Significant (severe to torrential) tricuspid regurgitation (TR)1 is a disease that usually develops in patients with heart failure and carries an unfavorable prognosis.2 Recently, several percutaneous techniques have emerged as alternatives to surgery for the treatment of TR. Cardioband (Edwards Lifesciences, USA) is a percutaneous annular reduction system consisting of a Dacron band that is implanted along the tricuspid annulus using a series of anchors (stainless steel screws). Within the band, there is a wire that is then cinched using an adjustment catheter to reduce the tricuspid annulus.3

Very little information is available on the mid-term outcomes in patients treated with this device, coming almost exclusively from the TRI-REPAIR primary registry, with only 30 patients with at least moderate TR and 2-year outcomes.4

The aims of the present study were safety (implantation success and mortality) and mid-term efficacy (reduction of TR severity and symptoms).
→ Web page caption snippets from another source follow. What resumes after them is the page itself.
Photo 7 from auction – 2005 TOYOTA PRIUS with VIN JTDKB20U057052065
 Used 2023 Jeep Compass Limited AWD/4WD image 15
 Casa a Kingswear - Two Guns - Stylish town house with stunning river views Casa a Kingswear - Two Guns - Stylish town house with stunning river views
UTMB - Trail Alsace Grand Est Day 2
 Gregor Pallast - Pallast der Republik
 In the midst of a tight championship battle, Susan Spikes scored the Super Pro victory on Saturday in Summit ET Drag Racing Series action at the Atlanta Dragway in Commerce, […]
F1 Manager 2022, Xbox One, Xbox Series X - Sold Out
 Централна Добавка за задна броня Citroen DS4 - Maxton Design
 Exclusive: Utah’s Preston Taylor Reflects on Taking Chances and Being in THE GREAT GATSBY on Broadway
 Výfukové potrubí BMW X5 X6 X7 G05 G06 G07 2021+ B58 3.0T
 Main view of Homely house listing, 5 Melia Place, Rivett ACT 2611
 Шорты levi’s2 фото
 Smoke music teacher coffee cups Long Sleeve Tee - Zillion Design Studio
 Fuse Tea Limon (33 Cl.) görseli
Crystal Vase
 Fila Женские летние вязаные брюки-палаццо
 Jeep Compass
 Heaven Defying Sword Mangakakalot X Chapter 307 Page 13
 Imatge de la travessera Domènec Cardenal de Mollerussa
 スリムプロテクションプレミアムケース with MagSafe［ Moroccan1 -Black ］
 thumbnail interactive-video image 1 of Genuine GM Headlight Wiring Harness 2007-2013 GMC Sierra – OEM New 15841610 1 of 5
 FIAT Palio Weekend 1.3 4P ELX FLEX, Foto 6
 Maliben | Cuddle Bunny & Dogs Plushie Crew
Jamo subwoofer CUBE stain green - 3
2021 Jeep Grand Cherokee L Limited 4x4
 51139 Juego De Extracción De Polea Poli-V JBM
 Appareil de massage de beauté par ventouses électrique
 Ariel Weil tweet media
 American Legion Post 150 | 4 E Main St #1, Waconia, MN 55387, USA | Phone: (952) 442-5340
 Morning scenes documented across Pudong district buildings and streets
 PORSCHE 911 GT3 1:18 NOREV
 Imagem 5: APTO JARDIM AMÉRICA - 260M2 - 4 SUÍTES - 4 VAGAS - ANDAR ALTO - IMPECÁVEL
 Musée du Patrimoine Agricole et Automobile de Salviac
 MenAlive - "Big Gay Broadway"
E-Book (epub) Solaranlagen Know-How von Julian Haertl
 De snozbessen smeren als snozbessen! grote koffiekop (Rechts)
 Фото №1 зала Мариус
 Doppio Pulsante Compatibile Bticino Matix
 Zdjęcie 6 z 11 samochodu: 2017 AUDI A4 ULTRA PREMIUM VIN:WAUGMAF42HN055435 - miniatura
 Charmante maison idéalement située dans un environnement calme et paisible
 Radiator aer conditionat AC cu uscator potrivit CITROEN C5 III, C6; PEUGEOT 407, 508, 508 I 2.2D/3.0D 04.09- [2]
We analyzed 8 patients with congestive symptoms and severe-torrential TR despite optimized medical treatment who underwent Cardioband implantation with the aim of improving their TR and associated symptoms between September 2019 and August 2020. All patients gave informed consent to participate. The clinical and echocardiographic characteristics at baseline and after the procedure are shown in table 1; 75% were women, mean age was 80.6±3.8 years, and mean body mass index was 26.5±4.7. In all patients the TR etiology was functional. Three patients had had previous cardiac surgery, and the Cardioband was implanted in these 3 patients at 7, 8, and 10 years after surgery. Overall, the median duration of symptoms until intervention was 17.5 [interquartile range, 4-31] months, and all patients had optimized medical treatment. EuroSCORE II was 5.5% and the Society of Thoracic Surgeons risk score was 7.8%. Pulmonary systolic pressure was 40.5mmHg and left ventricular ejection fraction was 62%. All patients had atrial fibrillation and none had a pacemaker. All had been rejected for surgery due to high surgical risk, frailty, or comorbidities. The procedures were carried out under general anesthetic and with transesophageal echocardiographic and fluoroscopic guidance, with a mean time of 260±68min.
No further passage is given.